Оба старика повернулись к наглецу, посмевшему прервать их беседу. Они переводили сосредоточенные и, уж точно, опасливые взгляды с одного близнеца на другого, так как не знали, кто из них кто, возможно, побаивались обмана зрения, а то и хитрости, которой молодые парни сбивали их с толку.
— Ну, и где нам копать могилу? — повторил вопрос второй могильщик, и лица стариков исказились еще сильнее. Они пытались определить и запомнить, какой из близнецов заговорил первым и какой — вторым. Подчиняясь профессиональной привычке, Михол Лински уставился на одного из братьев, тогда как Кахир Бауз держал в поле зрения обоих, а еще пытался не упускать из виду стоявшую в отдалении вдову, молча обвиняя ее в дерзости, да еще в таком деле, в котором спешить неприлично.
— Не можем же мы стоять тут вечно, — сказал первый близнец.
Это был тот парень, с которого Михол Лински не сводил взгляда, и теперь, убежденный, что не обидит невинного, он нанес удар.
— Тут много людей, не тебе чета, — сказал Михол Лински, — и им лежать на Клун-на-Морав, пока не наступит конец света.
Он обвел кладбище скрюченными пальцами правой руки.
— Тем, кто будет лежать на Клун-на-Морав до конца света, — подхватил, хрипя, Кахир Бауз, — нечего стыдиться… Им нечего стыдиться. Запомните это, молодой человек.
Михолу Лински пришлось не по душе то, что Кахир Бауз прервал его, решив прийти ему на помощь. Ему как будто указали, будто он — это он-то! — промазал, забивая гвоздь.

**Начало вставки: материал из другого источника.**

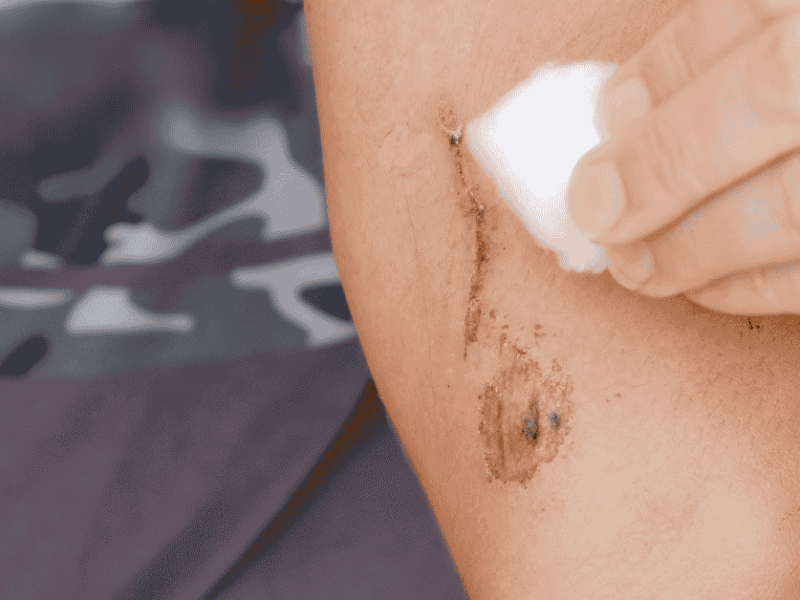What Happens If You Ignore a Chronic Wound?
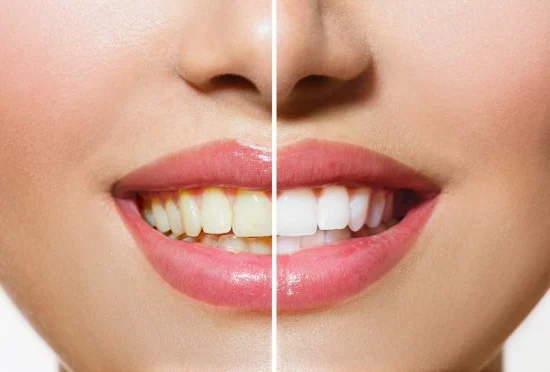 Victoria Village Dentistry: Dentist - Implant - Extraction Picture 6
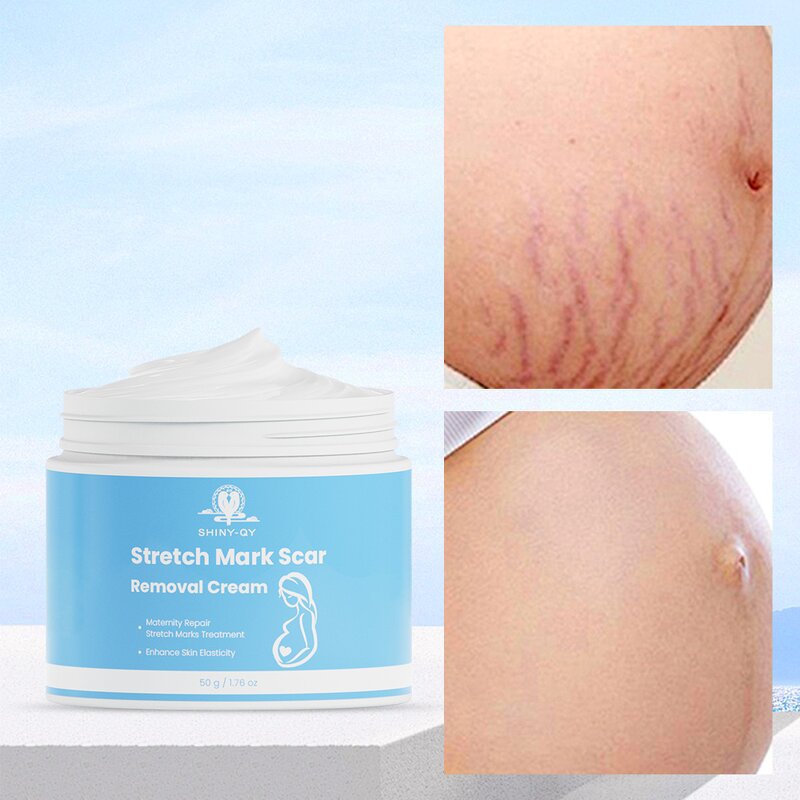 Stretch Mark Cream Manufacturer - Private Label Natural Non-Irritating Fast Acting Smooth Skin Repair Formula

— Да ладно вам. Где же все-таки копать могилу для ткача? — спросил близнец, пытаясь извлечь выгоду из досады гвоздильщика — гвоздильщика, которому указали на то, что он не попал по гвоздю.
— Вы будете копать там, где похоронены все его родичи, — ответил Михол Лински.
— Для этого мы как будто и пришли сюда, — вмешался другой близнец. Подражая старикам, он произносил слова медленно. Сначала его красивое лицо разгладилось, а потом вокруг глаз прорезались морщинки-смешинки, и когда взгляд Михола Лински, дернувшись, застыл на красивом смуглом лице этого второго из близнецов, то и у него лицо сначала разгладилось, а потом вокруг глаз прорезались морщинки-смешинки, отчего у Михола Лински возникла беспокойная мысль, а не нарочно ли сбивают его с толку юные могильщики?
— Вы выкопаете могилу… — произнес он с некоторой горячностью и опять подивился тому, как Кахир Бауз перехватил его слова, словно вырвал молот из рук.
— …там, где мы скажем, — закончил фразу Кахир Бауз.
До того неприятно стало Михолу Лински, что он покачнулся и всем своим длинным кособоким телом дернулся в сторону, однако тотчас остановился. Он решил совершить злое дело. Он решил совершить такое злое дело, какое было похуже, чем выбить костыль у несчастного калеки, и могло сравниться разве что с воровством святой воды из комнаты умирающего. Незамедлительным и подлым раскрытием могильной тайны ткача он решил и Кахира Бауза и себя лишить радости последнего дня пребывания на земле Клун-на-Морав!
— Вот это место, — сказал Михол Лински, повернувшись к остальным. — Здесь и копайте.